### RECORDED DATA
= = = =

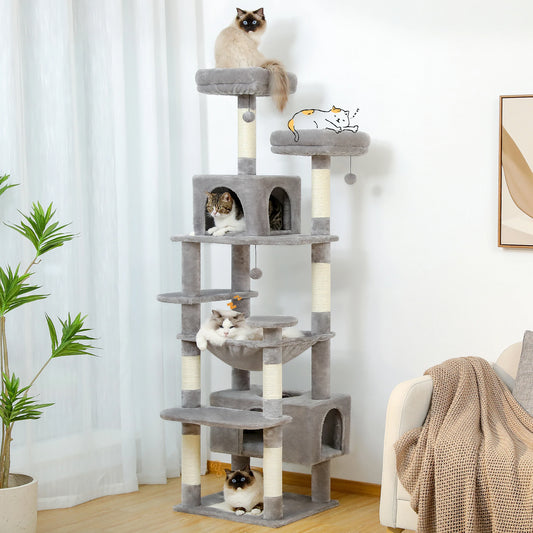 Tree and Tower Condos for Indoor Cats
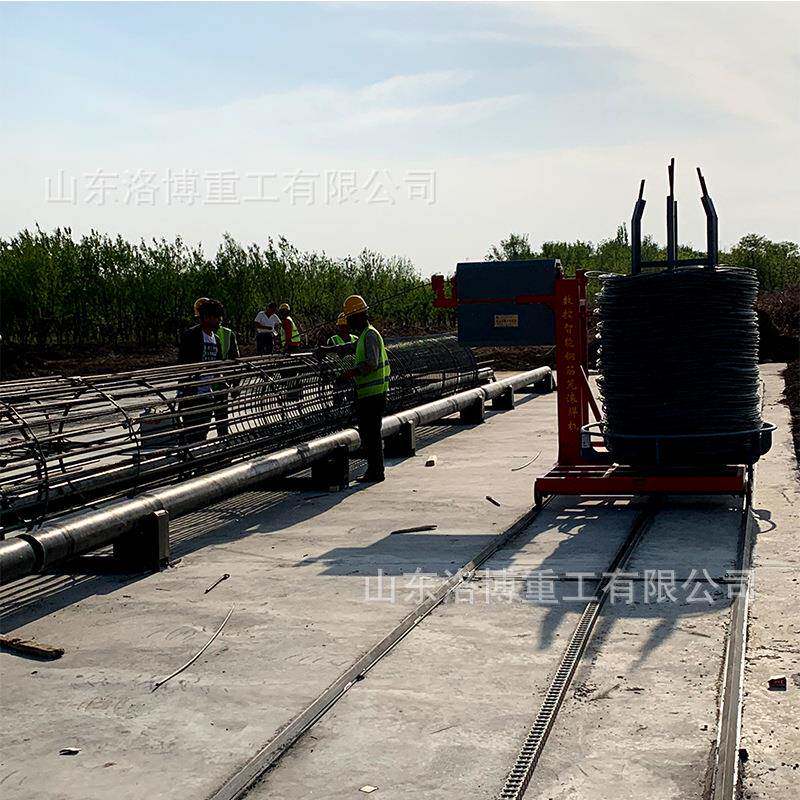 建筑行业海圆形钢筋笼绕筋机跨机大缠桥深孔桩DOJ筋半自动绑筋机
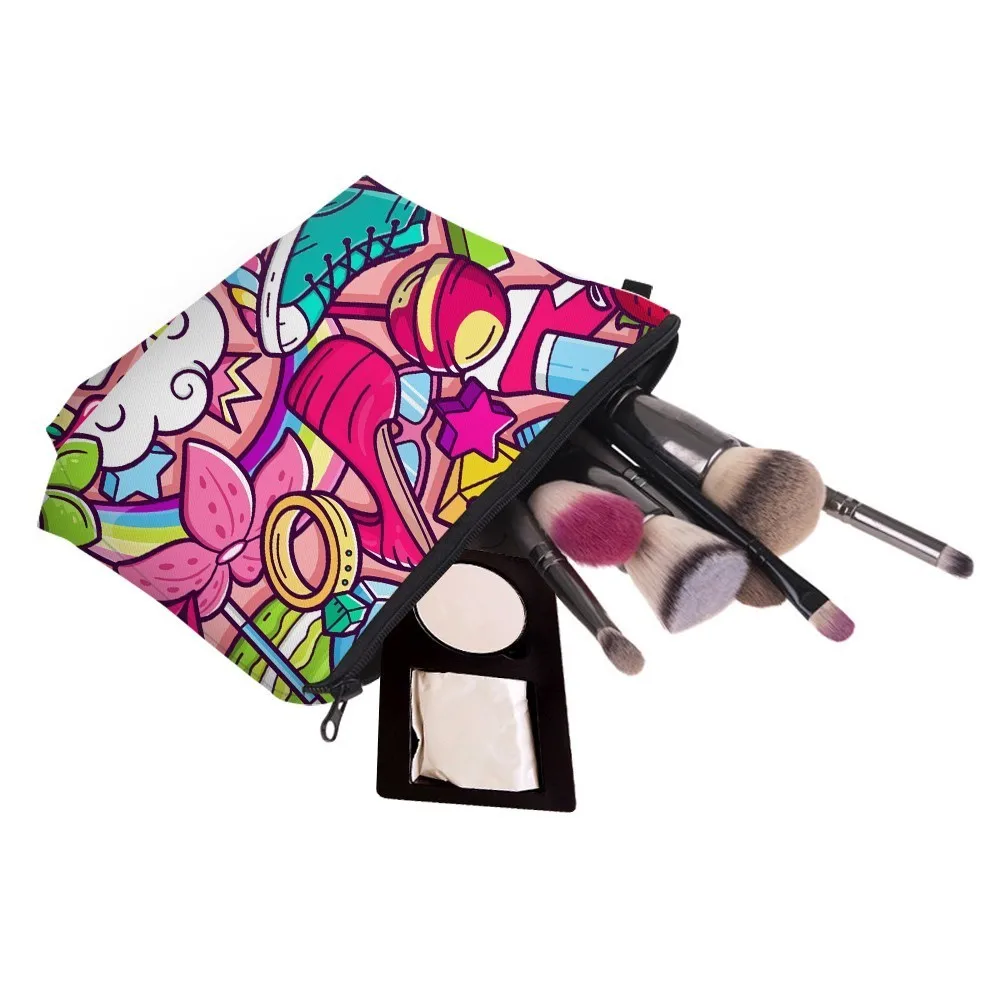 Косметичка Deanfun с единорогом водонепроницаемая принтом идеальный ромбовидный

= = = =

### INSTRUCTIONS TO FOLLOW
Go through the material above and retype every line exactly, without the images.

### RESPONSE BELOW
 Tree and Tower Condos for Indoor Cats
 建筑行业海圆形钢筋笼绕筋机跨机大缠桥深孔桩DOJ筋半自动绑筋机
 Косметичка Deanfun с единорогом водонепроницаемая принтом идеальный ромбовидный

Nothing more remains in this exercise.